SC: My first job was a volunteer position in a research laboratory at my university. I had heard that getting involved in research as an undergraduate was a good idea, and I’m very grateful to my first research mentor for giving a freshman in college the chance to join his lab! Undergraduate research is such a great experience for anyone interested in STEM, medicine, and other fields. Don’t be afraid to ask and apply for these opportunities!
HC: What words of wisdom (well-known quotes, an anecdote from your boss) do you find most valuable?
SC: One of my undergraduate research mentors told me to keep in mind the things in life that make me happy and to be unafraid to factor those aspects into my decision because no one who is unhappy can live up to their full potential. Often as students and early career folks, we feel obligated to work all the time so we can be competitive for that next job or internship, but it’s also important to have other dimensions in life, whether that’s hobbies, spending time with friends and family, or volunteering for causes we care about. Thanks to his advice, I’ve learned better how to be unafraid to prioritize my family and make time for the things I care about outside of work.
HC: What has been the most surreal moment of your career thus far?
SC: When my daughter was 5 months old, I traveled to a conference in Finland… with husband and baby in tow! The conference was an amazing opportunity, and while it was brutally exhausting to have my family along (babies don’t care about time zones), it was wonderful to hear so much encouragement from colleagues about our decision to come as a family. My daughter has since come to several other conferences with me and even attended a few scientific poster sessions.
HC: What do you look for when considering hiring someone?
SC: One thing I consider really important when looking to hire an undergraduate intern is a clear motivation to work hard and overcome challenges.
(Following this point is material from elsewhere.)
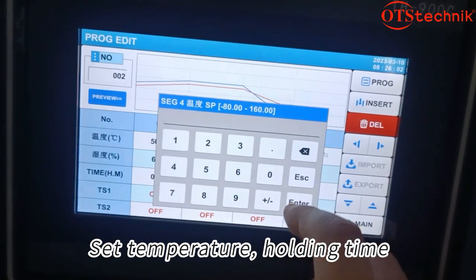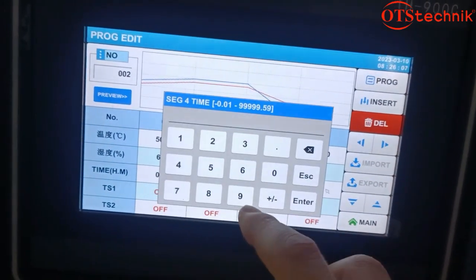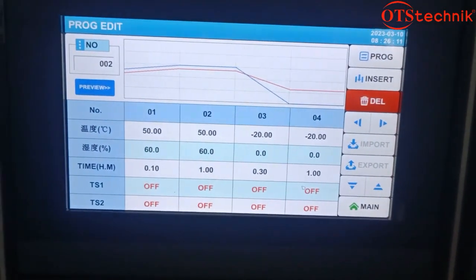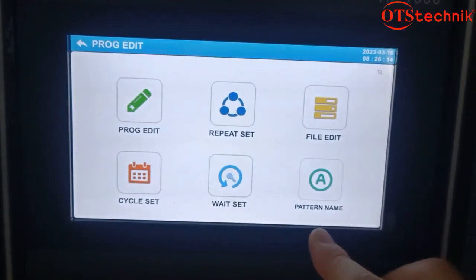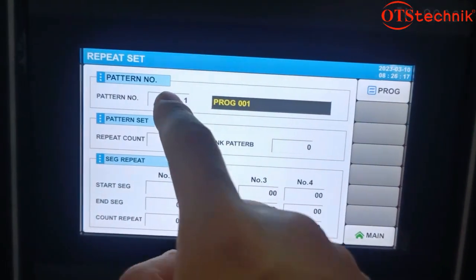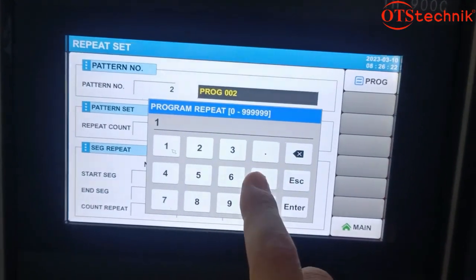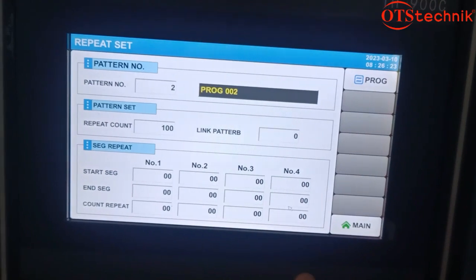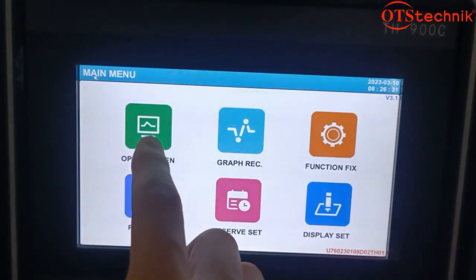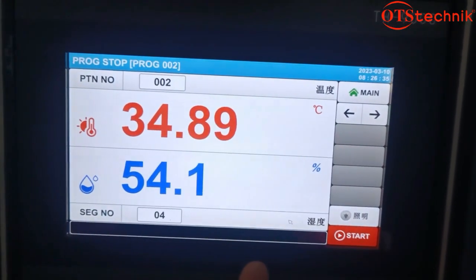Set the temperature and holding time. Set the test cycle. Then select the program serial number to start the test.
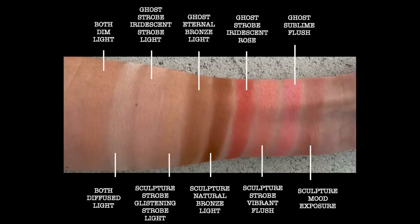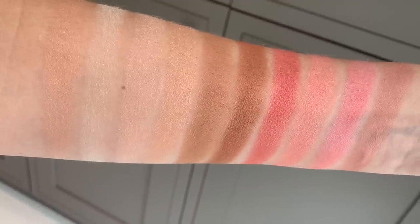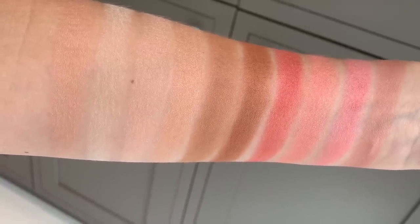Now for the strobe blushes: from the Ghost palette we've got iridescent rose, which is much deeper in shade — more of a corally peachy pink. In the Sculpture palette it's really stunning and girly but also quite pale in shade; you can build it up but not as much as the Ghost palette one. This is strobe vibrant flush. Moving on to the normal ambient lighting blushes: from the Ghost palette you've got sublime flush, then in the Sculpture palette this is mood exposure — my favourite blush I've been wearing lately, just to die for. Looking at all of those swatches you will see they are very very different even though they look similar in the palettes.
While academic achievement can be an indicator of this, I also like to know about other challenges a student has overcome – perhaps transferring from a community college or working to pay for college. Research takes both knowledge and hard work, and it’s often much easier to teach someone the concepts she or he needs to know than to teach a good work ethic.
HC: What advice would you give to a 20-something with similar aspirations?
SC: Don’t sell yourself short. Studies show that, on average, women are much less likely to think themselves qualified for a job than men, even if they have the same skills. So learn to trust your own abilities and look for mentors who can tell you, with honesty, about your strengths as well as your weaknesses.
HC: What's the one thing that's stood out to you the most in a resume?
SC: When someone has devoted a lot of time and effort to an important cause outside of their education, this really stands out to me. I like to see that students care not just about their GPA, but also about serving their community, maybe through tutoring or helping people in need.